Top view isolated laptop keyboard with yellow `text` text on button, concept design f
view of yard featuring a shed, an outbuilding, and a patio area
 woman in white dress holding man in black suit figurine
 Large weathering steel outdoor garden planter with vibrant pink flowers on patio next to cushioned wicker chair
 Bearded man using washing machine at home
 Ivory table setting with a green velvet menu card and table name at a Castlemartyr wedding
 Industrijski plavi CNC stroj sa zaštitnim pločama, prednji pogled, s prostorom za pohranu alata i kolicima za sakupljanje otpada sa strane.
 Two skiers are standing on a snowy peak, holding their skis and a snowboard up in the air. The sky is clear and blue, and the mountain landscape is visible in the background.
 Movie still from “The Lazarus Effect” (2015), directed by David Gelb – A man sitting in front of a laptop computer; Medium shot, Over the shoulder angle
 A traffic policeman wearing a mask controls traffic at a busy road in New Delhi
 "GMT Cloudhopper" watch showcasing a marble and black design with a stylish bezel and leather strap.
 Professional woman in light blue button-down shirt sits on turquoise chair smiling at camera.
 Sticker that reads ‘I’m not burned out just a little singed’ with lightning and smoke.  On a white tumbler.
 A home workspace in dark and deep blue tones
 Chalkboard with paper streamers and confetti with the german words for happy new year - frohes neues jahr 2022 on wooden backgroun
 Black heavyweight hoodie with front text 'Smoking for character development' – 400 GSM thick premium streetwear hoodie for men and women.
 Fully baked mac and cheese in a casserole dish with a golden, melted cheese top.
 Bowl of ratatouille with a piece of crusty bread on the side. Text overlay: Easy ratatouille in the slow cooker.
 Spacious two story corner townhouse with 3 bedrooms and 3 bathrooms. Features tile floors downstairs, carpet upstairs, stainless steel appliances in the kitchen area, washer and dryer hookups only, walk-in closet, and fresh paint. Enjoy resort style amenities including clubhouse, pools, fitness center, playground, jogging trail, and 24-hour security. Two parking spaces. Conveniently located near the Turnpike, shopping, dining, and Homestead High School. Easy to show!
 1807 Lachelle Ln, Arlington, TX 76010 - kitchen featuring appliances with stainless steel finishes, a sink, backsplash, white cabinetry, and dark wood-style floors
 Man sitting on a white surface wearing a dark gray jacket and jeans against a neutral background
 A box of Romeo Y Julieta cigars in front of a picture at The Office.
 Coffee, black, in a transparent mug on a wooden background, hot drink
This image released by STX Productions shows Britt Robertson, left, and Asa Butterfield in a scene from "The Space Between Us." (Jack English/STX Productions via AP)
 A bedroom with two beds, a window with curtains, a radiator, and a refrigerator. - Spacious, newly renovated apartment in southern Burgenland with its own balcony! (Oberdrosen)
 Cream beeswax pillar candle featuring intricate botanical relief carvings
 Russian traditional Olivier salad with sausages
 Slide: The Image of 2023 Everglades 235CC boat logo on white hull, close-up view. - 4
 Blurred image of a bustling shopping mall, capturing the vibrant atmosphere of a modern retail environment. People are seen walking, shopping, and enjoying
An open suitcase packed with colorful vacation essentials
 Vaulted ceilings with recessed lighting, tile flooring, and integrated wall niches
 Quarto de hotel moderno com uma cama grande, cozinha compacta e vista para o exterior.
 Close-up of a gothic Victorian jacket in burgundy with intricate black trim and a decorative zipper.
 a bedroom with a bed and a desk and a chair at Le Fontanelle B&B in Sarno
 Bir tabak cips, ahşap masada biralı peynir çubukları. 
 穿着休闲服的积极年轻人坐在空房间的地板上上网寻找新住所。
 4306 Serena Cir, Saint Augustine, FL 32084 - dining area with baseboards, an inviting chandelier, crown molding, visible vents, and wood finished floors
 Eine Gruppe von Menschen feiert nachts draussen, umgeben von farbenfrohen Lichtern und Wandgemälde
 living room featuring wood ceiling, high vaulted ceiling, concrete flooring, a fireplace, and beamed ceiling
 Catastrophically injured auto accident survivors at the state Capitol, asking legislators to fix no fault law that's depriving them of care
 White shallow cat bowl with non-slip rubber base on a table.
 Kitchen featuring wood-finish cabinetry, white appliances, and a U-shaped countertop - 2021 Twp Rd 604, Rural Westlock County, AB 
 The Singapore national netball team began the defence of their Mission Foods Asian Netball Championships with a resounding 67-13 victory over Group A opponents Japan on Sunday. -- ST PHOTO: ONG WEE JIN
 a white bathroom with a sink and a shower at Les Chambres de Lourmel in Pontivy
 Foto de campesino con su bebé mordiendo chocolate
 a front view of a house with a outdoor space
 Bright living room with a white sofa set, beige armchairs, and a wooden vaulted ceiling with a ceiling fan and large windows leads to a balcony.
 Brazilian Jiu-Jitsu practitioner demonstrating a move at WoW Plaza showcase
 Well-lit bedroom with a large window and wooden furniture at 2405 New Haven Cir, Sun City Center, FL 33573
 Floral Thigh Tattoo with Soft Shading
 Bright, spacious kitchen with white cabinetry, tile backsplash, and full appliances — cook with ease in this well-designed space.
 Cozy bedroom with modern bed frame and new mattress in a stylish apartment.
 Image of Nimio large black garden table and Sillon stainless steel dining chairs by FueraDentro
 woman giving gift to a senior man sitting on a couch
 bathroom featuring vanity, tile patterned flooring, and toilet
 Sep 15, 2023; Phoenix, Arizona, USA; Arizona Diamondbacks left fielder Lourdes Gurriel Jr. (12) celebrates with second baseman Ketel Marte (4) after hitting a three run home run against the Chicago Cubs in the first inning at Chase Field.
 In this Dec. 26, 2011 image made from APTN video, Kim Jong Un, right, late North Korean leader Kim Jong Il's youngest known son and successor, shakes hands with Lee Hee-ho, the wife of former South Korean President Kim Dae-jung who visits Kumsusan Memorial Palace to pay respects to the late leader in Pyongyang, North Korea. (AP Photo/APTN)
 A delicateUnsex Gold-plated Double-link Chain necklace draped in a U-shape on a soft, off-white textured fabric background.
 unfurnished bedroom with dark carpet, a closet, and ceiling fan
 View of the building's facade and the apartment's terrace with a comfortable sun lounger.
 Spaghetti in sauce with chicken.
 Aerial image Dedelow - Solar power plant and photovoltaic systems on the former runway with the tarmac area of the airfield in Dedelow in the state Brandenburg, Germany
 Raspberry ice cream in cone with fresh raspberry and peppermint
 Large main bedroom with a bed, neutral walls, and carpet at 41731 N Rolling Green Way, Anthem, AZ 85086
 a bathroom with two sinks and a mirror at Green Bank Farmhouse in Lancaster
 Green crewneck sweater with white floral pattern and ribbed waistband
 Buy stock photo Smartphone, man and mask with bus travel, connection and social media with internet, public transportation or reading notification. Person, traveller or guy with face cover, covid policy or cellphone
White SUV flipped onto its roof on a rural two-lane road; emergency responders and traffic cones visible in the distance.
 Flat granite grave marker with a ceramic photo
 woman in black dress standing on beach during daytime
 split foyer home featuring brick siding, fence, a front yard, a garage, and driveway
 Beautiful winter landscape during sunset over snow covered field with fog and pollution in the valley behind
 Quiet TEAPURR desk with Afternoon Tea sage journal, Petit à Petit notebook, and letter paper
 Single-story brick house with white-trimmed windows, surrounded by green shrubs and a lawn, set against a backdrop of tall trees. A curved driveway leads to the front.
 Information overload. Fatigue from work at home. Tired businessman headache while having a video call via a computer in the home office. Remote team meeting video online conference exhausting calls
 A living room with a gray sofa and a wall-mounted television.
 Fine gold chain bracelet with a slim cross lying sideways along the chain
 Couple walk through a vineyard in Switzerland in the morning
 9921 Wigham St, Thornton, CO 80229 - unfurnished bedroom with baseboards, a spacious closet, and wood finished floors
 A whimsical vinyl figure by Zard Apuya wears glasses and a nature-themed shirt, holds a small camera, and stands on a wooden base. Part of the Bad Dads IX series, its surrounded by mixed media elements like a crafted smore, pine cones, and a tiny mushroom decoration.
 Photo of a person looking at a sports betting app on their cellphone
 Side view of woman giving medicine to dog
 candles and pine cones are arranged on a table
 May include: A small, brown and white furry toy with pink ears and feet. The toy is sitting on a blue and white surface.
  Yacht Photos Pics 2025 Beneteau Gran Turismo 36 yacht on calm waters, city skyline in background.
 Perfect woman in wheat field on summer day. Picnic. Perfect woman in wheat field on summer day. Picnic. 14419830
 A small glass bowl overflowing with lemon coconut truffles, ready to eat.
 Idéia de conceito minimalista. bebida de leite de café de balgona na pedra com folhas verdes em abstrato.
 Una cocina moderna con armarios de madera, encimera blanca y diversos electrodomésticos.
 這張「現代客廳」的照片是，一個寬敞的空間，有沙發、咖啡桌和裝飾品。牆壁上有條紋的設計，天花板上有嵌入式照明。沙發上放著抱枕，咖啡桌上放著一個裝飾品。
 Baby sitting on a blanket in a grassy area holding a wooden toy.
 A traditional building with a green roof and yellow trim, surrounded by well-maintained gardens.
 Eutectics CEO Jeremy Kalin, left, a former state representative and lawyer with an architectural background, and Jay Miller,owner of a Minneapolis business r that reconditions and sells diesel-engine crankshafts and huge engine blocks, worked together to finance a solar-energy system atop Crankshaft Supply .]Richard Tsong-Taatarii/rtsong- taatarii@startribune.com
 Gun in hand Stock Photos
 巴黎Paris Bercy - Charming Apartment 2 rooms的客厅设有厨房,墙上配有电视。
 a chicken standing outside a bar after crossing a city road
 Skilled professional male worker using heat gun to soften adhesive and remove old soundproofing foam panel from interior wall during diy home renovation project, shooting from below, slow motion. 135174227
· · · ·
→ **Exercise instructions**: Where a line of the listing holds "backsplash", show that line.

→ **Exercise output**:
 1807 Lachelle Ln, Arlington, TX 76010 - kitchen featuring appliances with stainless steel finishes, a sink, backsplash, white cabinetry, and dark wood-style floors
 Bright, spacious kitchen with white cabinetry, tile backsplash, and full appliances — cook with ease in this well-designed space.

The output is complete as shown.